Journalist Kunnukuzhi Mani, who has been credited as the first person to try and dig out Rosy’s history, was quoted in the TBIP article: “There was a ruckus and they (the audience) destroyed the screen. A mob came to her house and began throwing stones at it. Then two policemen, whom Daniel had requested the Royal Court of Travancore to send, arrived on the scene. Eventually the mob dispersed. On the third night, after the film had opened, her house was set on fire.
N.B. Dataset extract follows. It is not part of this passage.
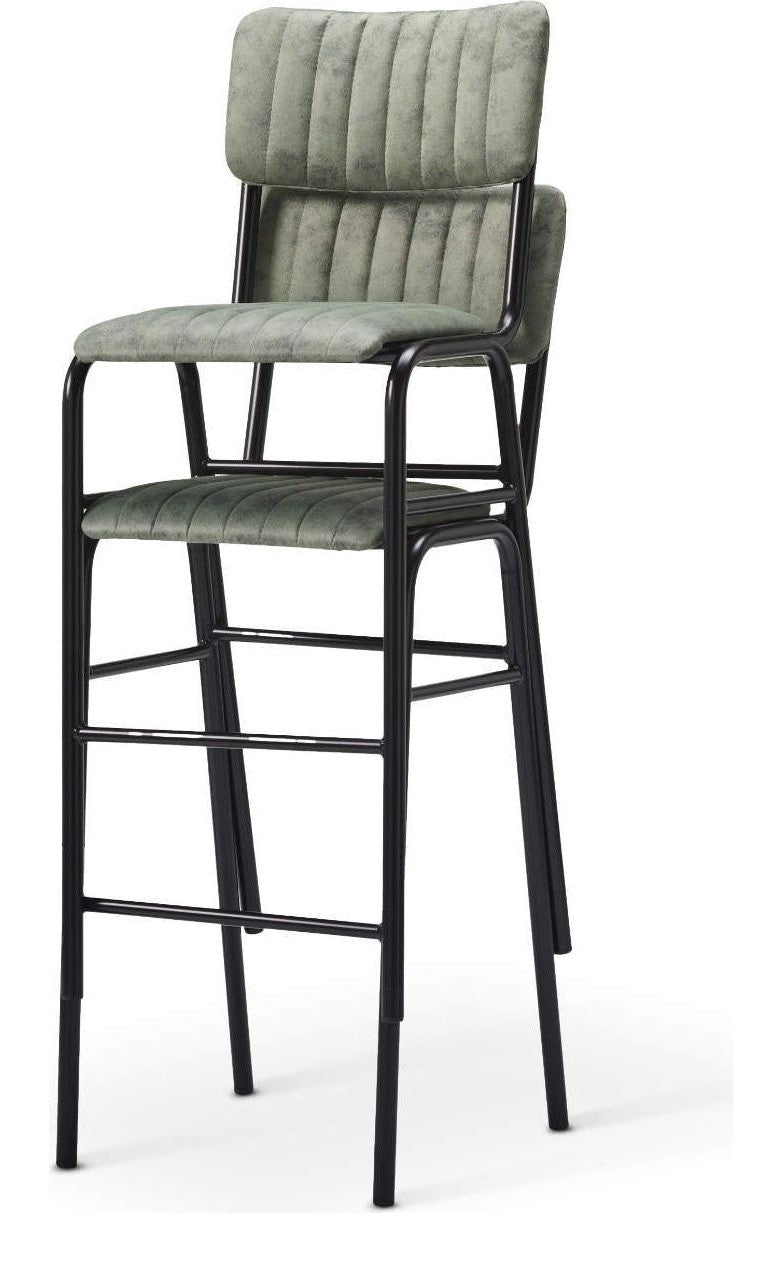 Bourbon Bar Chair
However, Rosy, as well as her family, managed to escape. She reportedly ran in the direction of Karamana, and hopped on a lorry that had stopped after hearing her cries for help. The driver was one Kesava Pillai, who was enroute Nagercoil. He took her to his home, and it is said the two of them eventually married. Ironically, Pillai belonged to a Nair household, and after their marriage, Rosy did too. She changed her name to Rajammal – Ammal is used as a suffix by upper-caste women in Kerala and Tamil Nadu to denote respect.
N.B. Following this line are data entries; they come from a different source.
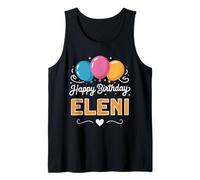 Buon Compleanno Eleni Canotta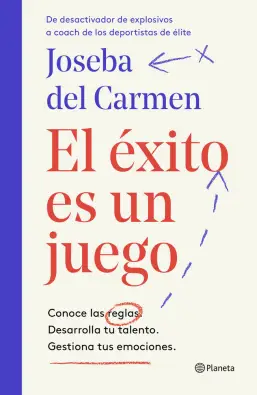 Imagen del producto 9788408209324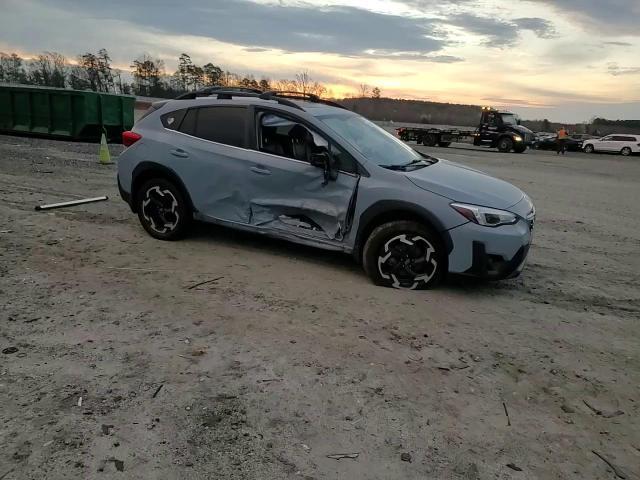 2021 Subaru Crosstrek Limited - zdjęcie 14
According to the aforementioned article by the Big Indian Picture, years later, Kunnukuzhi reached out to Daniel, who only said he was aware Rosy had managed to escape too, but didn’t say much else. Vigathakumaran ended up being Daniel’s first and only film — he, too, was subject to so much backlash that he had to quit the industry and spent the rest of his days in poverty.
‘The lost child’
Rosy reportedly died in 1988. Most accounts of her story are retellings, because while she was still alive, no one remembered, appreciated, or cared for the great feat she had achieved as a minority woman. The News Minute states that her children, who now live as Nairs, are reluctant to acknowledge her past before she met their father. In a video released by Asianet in 2013, the team tracked down Rosy’s daughter, Padma, in Madurai. “I don’t know how she was before she got married. But afterwards, she wasn’t into [acting],” Padma says. The team also tracked down Rosy’s brother, Govindan, who says her husband was a progressive man who didn’t discriminate against her family for their caste.
Much like Chandrakumar, who was lost and eventually found in Vigathakumaran, P K Rosy was lost for mainstream discussions in cinema and history, and only “found” decades after her passing, when film historians like Kunnukuzhi and author Vinu Abraham brought her story to the limelight. In 2013, a film named Celluloid was released, but was criticised by the Dalit community for not focussing on Rosy’s own struggle.
As film critic G P Ramachandran told The News Minute, “Even if Kerala may have overcome many caste-based discriminatory practices that exist in other states, caste is still very much relevant here. There was an uproar in those times because she played a Nair women, but even after that, there haven’t been too many Dalit women actors.”
Ramachandran goes on to say that there have been actors like Kalabhavan Mani, who was Dalit, but many women actors were reluctant to act with him. Moreover, he wasn’t given too many roles of a main hero. “There have been very few films with Dalit women characters, and even when they are released, the roles are performed by others. Two films that come to mind are Neelakuyil and Kismath,” he said.
While Rosy was, no doubt, a pioneer in Malayalam cinema, the industry failed to recognise her as such till it was much too late. Today, among a host of other problems, Indian cinema lacks an inclusive space, and Dalit representation in the industry remains arguably laughable. Had P K Rosy not been forced to flee her state by the moral brigade, and had been given a chance to bring more of her talent to light, would she be satisfied with the way we treat caste in her beloved industry almost a hundred years later? Perhaps not.